Hong Kong budget conservative yet practical amid economic uncertainty and reduced government revenue
Published: 27 February 2019
Today, Hong Kong's Financial Secretary Paul Chan delivered a conservative, practical budget that manages public finances in response to reduced government revenue and prepares Hong Kong for emerging economic uncertainties.
Hong Kong continues to invest substantially in innovation and technology development, and offers short-term relief measures, albeit at a reduced scale, for citizens. If economic challenges continue to intensify, the government might start to face pressure to spend its fiscal reserves. This means it needs to adopt an approach that strikes a balance between investing for the future and adhering to its long-held principle of fiscal prudence.
"The likely resolution of US-China trade talks has removed a major overhang for regional asset markets. As a result, much improved sentiment coupled with the US Fed's much less hawkish stance have further fueled rallies in equity and property markets," says Deloitte China Chief Economist Sitao Xu.
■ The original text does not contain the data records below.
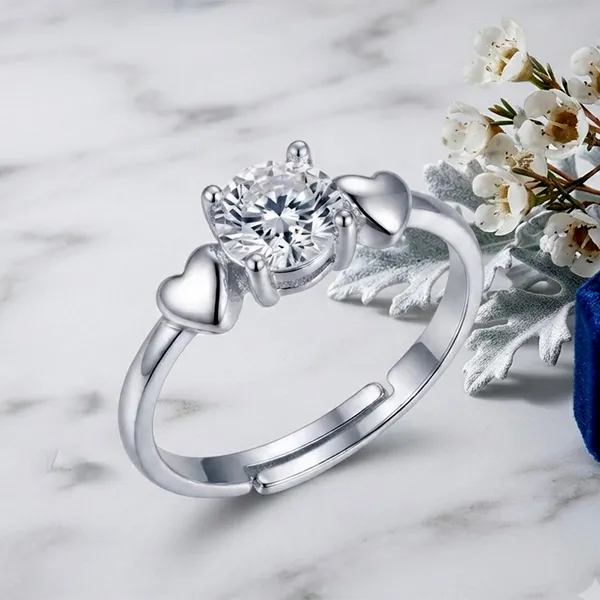 The99jewel_Silver_Plated_Cz_Solitaire_Adjustable_Ring_With_Box_Silver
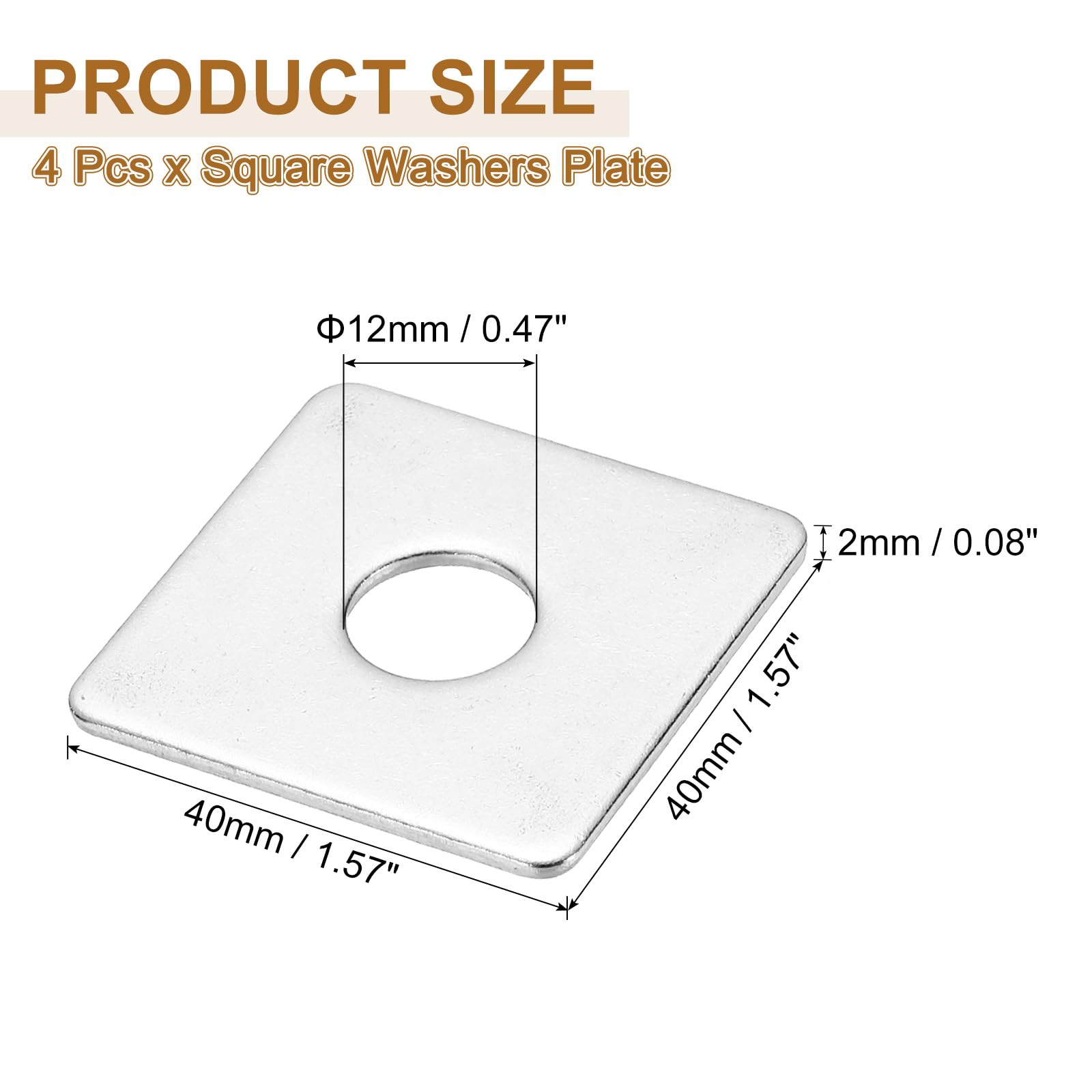 PATIKIL M12x40x2mm Square Washers - Image 2
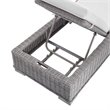 Modway Conway Modern Rattan & Fabric Patio Chaise Lounge in Light Gray/White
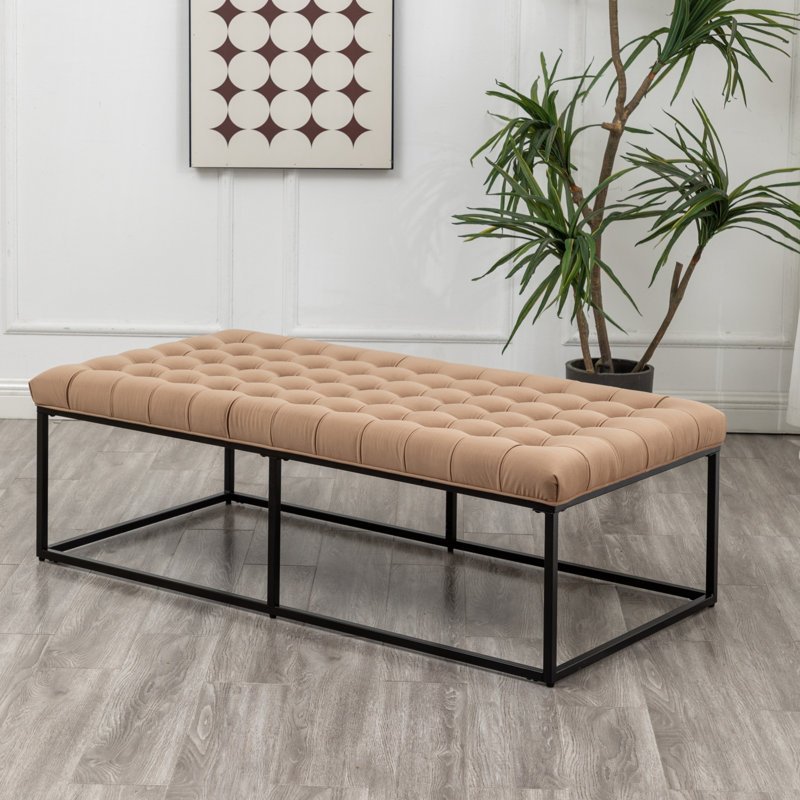 Banc repose-pieds rectangulaire capitonné de 56 po avec base en métal robuste, mobilier d'appoint rembourré pour le salon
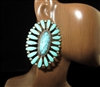 ER-1450 SILVER ANTIQUE TURQUOISE OVAL POST EARRINGS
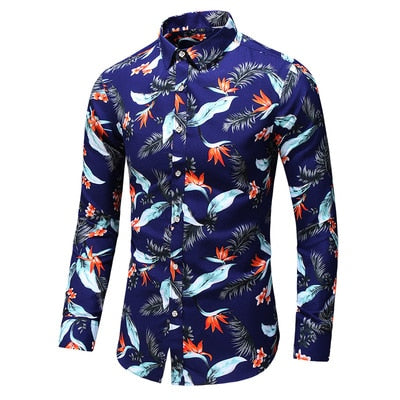 Hot Sale Fashion Flower Printed Men's Shirt Casual Plus Size Long Sleeve Shirts Male Slim Fit Mens Office Shirt M-7XL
"Such a relatively favorable macro backdrop should bring social issues to the fore. The Hong Kong SAR government is still in a good fiscal position, and is able to use fiscal levers to help SMEs and even jumpstart certain sectors like fintech. This will help strengthen Hong Kong's role as a leading financial center."
Deloitte China Tax Partner Sarah Chan adds: "It is understandable, given economic uncertainties, that the Financial Secretary adopted a relatively conservative tone in his third budget. The government has not taken on board our proposed measures to support the middle class and the business community. Also, we did not expect the government to reduce the scale of short-term relief measures for citizens, for instance by reducing the tax reduction ceiling to HKD20,000 from the previous financial year's HKD30,000."
Chan worries that the government could be forced to consume its fiscal reserves if there is no improvement in the global economy. To ensure the long term health of its financial position, the government should reconsider reviewing the exisiting tax regime and exploring new revenue sources, she believes. The government forecasts a surplus of HKD16.8 billion for 2019/20, which includes a Housing Reserve of HKD20.6 billion for the same fiscal year. In other words, it would be facing a deficit without the Housing Reserve.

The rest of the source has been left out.